Isso porque o brasileiro, que já passou por períodos de inflação galopante, confisco da poupança e conviveu ao longo de muito tempo com taxas de juros extremamente altas, ainda prefere segurança à rentabilidade na hora de investir.
A caderneta de poupança segue, de longe, como o produto preferido dos investidores, mesmo rendendo atualmente apenas 70% da Selic mais TR (Taxa Referencial), que tem sido praticamente igual a zero nos últimos meses). Na prática, a poupança perde de outros produtos conservadores de renda fixa, mas continua reinando na escolha dos brasileiros por inércia, preguiça e/ou simplicidade.
O quadro, contudo, tem sido positivo para o mercado de ações nos últimos anos, o que despertou o interesse de uma fatia mais expressiva dos investidores pela Bolsa.
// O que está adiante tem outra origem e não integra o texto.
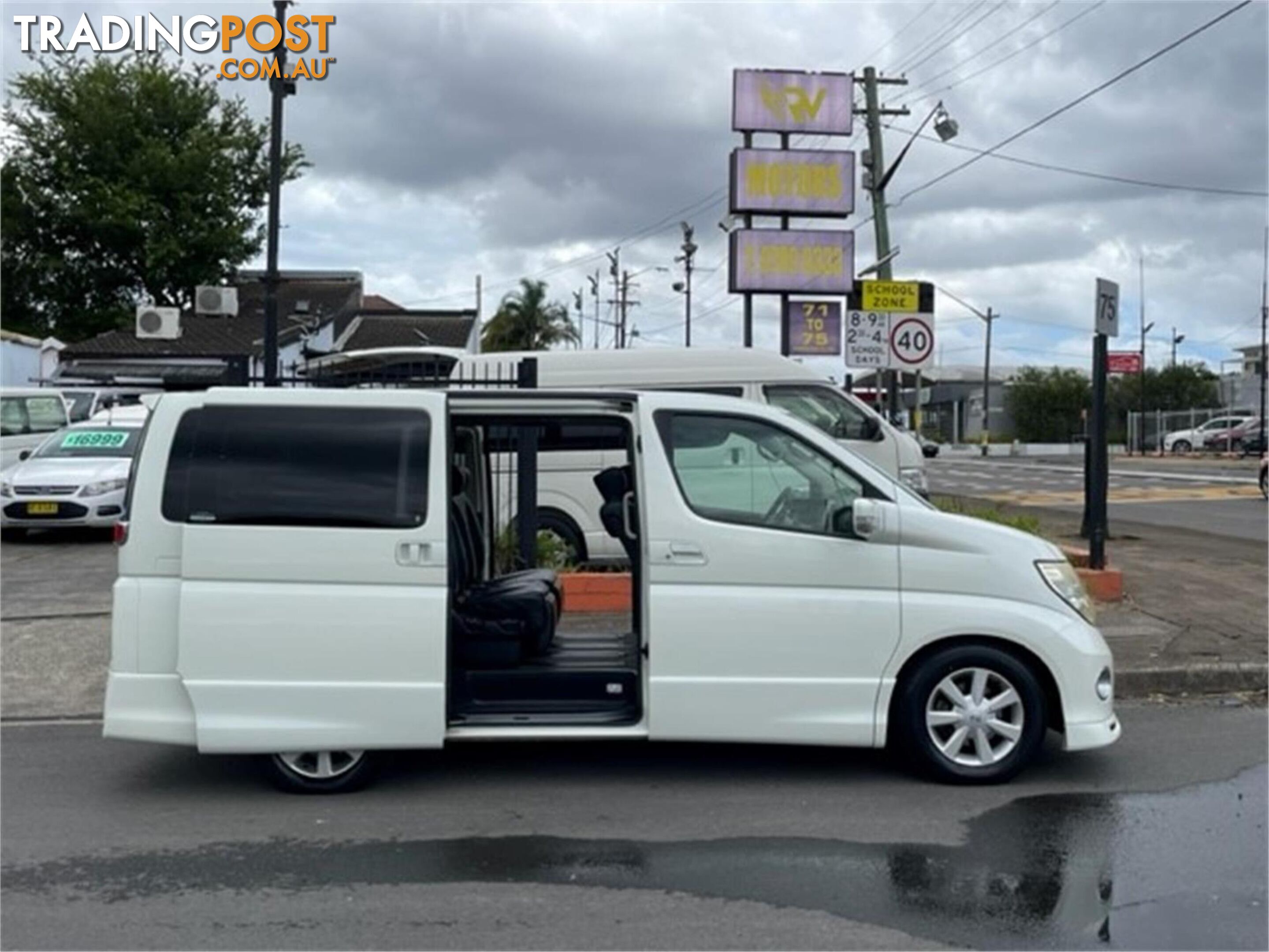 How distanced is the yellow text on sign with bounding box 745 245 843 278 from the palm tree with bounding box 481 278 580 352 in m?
36.5

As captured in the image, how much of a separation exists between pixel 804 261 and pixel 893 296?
33.6 feet

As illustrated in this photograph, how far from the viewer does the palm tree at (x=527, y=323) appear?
62188mm

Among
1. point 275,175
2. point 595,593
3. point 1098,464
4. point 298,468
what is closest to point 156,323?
point 275,175

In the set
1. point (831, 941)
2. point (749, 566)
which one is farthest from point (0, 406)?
point (831, 941)

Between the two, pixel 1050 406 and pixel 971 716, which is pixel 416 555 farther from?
pixel 1050 406

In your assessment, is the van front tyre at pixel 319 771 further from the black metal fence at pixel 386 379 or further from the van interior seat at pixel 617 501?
the black metal fence at pixel 386 379

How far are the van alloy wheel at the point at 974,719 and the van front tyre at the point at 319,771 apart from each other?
9.12ft

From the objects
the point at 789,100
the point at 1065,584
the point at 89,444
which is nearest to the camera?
the point at 1065,584

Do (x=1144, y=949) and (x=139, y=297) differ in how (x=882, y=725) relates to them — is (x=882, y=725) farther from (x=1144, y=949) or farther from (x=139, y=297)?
(x=139, y=297)

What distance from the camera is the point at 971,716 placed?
20.9 feet

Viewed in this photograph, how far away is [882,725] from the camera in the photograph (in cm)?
633

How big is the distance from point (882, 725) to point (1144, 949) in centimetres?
194

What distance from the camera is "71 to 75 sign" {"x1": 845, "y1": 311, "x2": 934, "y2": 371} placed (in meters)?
14.6

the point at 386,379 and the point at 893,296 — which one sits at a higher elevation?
the point at 893,296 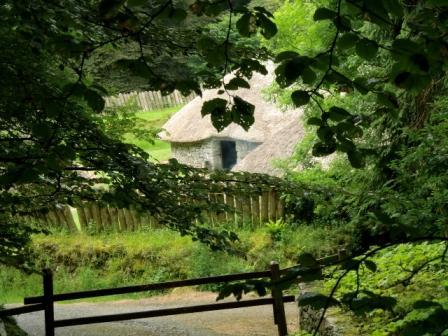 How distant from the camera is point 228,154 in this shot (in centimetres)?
1989

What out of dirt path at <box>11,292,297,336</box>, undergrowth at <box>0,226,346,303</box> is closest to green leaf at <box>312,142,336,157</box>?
dirt path at <box>11,292,297,336</box>

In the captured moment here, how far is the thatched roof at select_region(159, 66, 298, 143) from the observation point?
56.5 ft

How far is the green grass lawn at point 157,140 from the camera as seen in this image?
2217cm

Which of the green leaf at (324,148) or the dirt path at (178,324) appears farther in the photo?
the dirt path at (178,324)

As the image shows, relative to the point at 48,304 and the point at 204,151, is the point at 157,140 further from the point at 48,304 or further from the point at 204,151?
the point at 48,304

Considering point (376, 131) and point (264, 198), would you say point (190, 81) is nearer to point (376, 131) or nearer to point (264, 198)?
point (376, 131)

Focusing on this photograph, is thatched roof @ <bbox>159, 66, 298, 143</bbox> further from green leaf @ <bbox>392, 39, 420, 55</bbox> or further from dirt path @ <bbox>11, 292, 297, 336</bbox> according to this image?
green leaf @ <bbox>392, 39, 420, 55</bbox>

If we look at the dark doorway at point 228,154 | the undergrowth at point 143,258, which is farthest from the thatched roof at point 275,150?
the dark doorway at point 228,154

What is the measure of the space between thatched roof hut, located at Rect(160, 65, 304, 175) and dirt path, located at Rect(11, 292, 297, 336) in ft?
21.7

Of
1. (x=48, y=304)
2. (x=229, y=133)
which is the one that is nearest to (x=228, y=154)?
(x=229, y=133)

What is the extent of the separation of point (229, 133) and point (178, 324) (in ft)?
34.8

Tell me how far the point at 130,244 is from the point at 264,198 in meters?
2.89

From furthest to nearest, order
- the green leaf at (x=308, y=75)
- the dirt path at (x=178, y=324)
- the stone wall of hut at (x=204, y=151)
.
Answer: the stone wall of hut at (x=204, y=151), the dirt path at (x=178, y=324), the green leaf at (x=308, y=75)

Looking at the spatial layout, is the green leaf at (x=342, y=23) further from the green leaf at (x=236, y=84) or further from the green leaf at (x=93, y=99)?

A valorização da ordem de 40% do Ibovespa em 2016 acendeu um alerta para as pessoas físicas e gerou um aumento de 55 mil CPFs cadastrados na Bolsa no ano seguinte.
Com novas altas do mercado acionário em 2017 (27%) e em 2018 (15%), a base de acionistas pessoas físicas seguiu crescendo, com um aumento de 194 mil investidores no ano passado e de aproximadamente 170 mil pessoas apenas no primeiro trimestre de 2019.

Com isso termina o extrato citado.